▶ **Task directions**
Using the entries below, give the count of lines that hold "Blue". Say nothing besides the number.

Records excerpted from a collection
__________________________________________________

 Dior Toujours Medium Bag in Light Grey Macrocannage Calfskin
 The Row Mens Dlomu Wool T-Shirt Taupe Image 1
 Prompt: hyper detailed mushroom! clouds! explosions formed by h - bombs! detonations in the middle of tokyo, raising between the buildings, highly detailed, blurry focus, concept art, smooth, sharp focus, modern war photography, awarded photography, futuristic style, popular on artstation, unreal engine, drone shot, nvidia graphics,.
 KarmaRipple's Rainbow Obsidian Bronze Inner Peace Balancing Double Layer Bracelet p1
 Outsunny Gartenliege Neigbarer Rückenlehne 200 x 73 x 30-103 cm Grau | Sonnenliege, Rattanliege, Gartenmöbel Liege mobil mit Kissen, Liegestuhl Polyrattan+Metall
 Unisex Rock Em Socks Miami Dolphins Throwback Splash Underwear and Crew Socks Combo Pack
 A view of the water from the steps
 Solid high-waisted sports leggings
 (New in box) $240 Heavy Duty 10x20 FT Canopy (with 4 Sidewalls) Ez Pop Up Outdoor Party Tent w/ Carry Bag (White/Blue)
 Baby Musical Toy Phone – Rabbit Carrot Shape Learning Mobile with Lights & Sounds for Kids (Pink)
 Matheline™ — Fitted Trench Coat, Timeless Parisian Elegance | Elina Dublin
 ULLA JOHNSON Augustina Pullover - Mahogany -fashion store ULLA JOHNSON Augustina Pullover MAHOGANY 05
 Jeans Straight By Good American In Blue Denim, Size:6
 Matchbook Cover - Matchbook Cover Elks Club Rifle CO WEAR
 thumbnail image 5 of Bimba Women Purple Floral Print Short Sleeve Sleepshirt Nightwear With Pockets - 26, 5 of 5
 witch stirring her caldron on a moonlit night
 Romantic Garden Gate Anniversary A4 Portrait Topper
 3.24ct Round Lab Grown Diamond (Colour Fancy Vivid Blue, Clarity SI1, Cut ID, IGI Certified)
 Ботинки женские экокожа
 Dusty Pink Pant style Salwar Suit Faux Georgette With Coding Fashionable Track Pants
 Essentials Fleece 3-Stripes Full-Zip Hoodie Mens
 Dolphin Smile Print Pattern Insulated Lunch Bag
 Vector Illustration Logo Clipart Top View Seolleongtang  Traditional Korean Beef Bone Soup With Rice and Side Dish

__________________________________________________

▶ **Exercise solution**
3